O conturbado momento que vivem as sociedades mundiais acaba por criar no nosso íntimo um misto de incerteza, dúvida e insegurança, algo sem paralelo na minha geração e que deve merecer uma vigilância reforçada.
Diariamente somos «invadidos» por notícias mais díspares, que geram perplexidade e impotência, fazendo estremecer de forma muito significativa os alicerces que julgávamos sagrados em que se apoiava a nossa vida.
Começando pelos permanentes escândalos da vida pública portuguesa, em que, de forma despudorada, se procura ignorar os desvarios injustificados da gestão dos políticos e se confronta os cidadãos com a necessidade de pagar, através dos seus impostos, a atitude perdulária de outros. Prosseguindo com uma espécie de determinismo financeiro a que a Europa não tem sabido responder, que tudo comanda e completamente direcionado para os interesses de outras economias, lançando dúvidas, incertezas e insegurança ao amanhã de cada cidadão.
Concluindo com uma Europa que ainda não entendeu que a forma como está a exigir a recuperação económica das finanças públicas dos seus estados membros, cria condições para que, se o doente não morre da doença, sucumbe da cura.
Reconheço a minha dificuldade em entender qual a fundamentação para se exigir que recuperemos a economia do país em três ou quatro anos, sendo ela consequência de desmandos económicos praticados durante mais de 40 anos?
Creio que os constrangimentos que estamos a viver vão gerar uma espécie de encadeamento de efeitos negativos para a economia, que se fossem ponderados com mais tempo poderiam ser evitados e não ser tão dolorosos para todos. De facto, na medida em que se obriga os cidadãos a pagarem mais impostos, reduzimos a sua disponibilidade financeira, restringindo necessariamente o seu poder aquisitivo. Essa limitação vai diminuir a procura, o que terá como consequência uma necessidade dos produtos dos setores da produção nacional.
È certo que também será um significativo concurso para a redução da compra de produtos importados e, consequentemente, com impacto na redução do défice da balança comercial. Reconhecendo esse efeito, penso, todavia, que um esclarecimento cabal aos portugueses faria com que todos compreendessem o impacto e dariam, não tenho dúvidas, preferência aos produtos nacionais.
As medidas adotadas, agravadas pelas opções políticas dos decisores, acabam por comportar um risco de sobrevivência da nossa economia, talvez mais difícil do que pagar a própria dívida e de efeitos muito mais duradouros, caso tivessem sido tomadas decisões noutro sentido.
Antes de mais é necessário reconhecê-lo que tivemos comportamentos demasiado subservientes quanto às soluções que nos foram apresentadas, todas elas com uma visão demasiado acentuada nos aspetos financeiros e não com os efeitos negativos que a curto/médio prazo elas teriam na economia portuguesa.
É que, ao diminuir o poder de compra, as pessoas deixam de comprar, as empresas deixam de vender e, consequentemente, deixa de haver necessidade de produzir, o que gerará um imediato aumento do desemprego, o que obrigará as finanças públicas a desembolsarem mais verbas para o fundo de desemprego.
Por seu turno, os cidadãos, particularmente os trabalhadores por conta de outrem, os profissionais liberais e os pequenos empresários – diga-se em abono da verdade, os verdadeiramente sacrificados neste processo –, não veriam drasticamente reduzida a sua disponibilidade financeira, o que lhes permitiria adaptarem-se de modo mais suave à nova realidade e assumindo responsabilidades afetas a qualquer agregado familiar.
O pior que nos pode acontecer é perante uma dificuldade não termos a capacidade de agir, deixando-nos enredar numa espécie de teia que nos amarra, retirando-nos a capacidade criativa de encontrarmos decisões para vencer as adversidades.

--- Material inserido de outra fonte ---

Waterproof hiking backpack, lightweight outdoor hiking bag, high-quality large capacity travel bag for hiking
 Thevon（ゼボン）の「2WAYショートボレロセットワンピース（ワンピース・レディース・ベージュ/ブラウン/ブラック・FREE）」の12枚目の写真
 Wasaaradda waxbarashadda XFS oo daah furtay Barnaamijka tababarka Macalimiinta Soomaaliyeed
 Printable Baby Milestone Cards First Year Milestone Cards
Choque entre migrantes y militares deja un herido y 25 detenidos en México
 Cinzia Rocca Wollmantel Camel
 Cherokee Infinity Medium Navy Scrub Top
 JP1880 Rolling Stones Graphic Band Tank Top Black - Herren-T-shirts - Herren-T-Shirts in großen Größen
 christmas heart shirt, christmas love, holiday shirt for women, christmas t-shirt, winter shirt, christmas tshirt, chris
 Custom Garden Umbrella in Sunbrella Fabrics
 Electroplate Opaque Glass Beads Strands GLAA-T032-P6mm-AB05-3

A luta é, por vezes, inglória, mas o mérito não está apenas no resultado, mas também, particularmente, na nossa atitude perante os obstáculos. Só dessa forma conseguiremos que as nossas empresas resistam às soluções implementadas. Acontece que mesmo com esforço e sacrifícios, poderemos não morrer da doença, mas tenho muitas dúvidas que sobreviveremos à cura.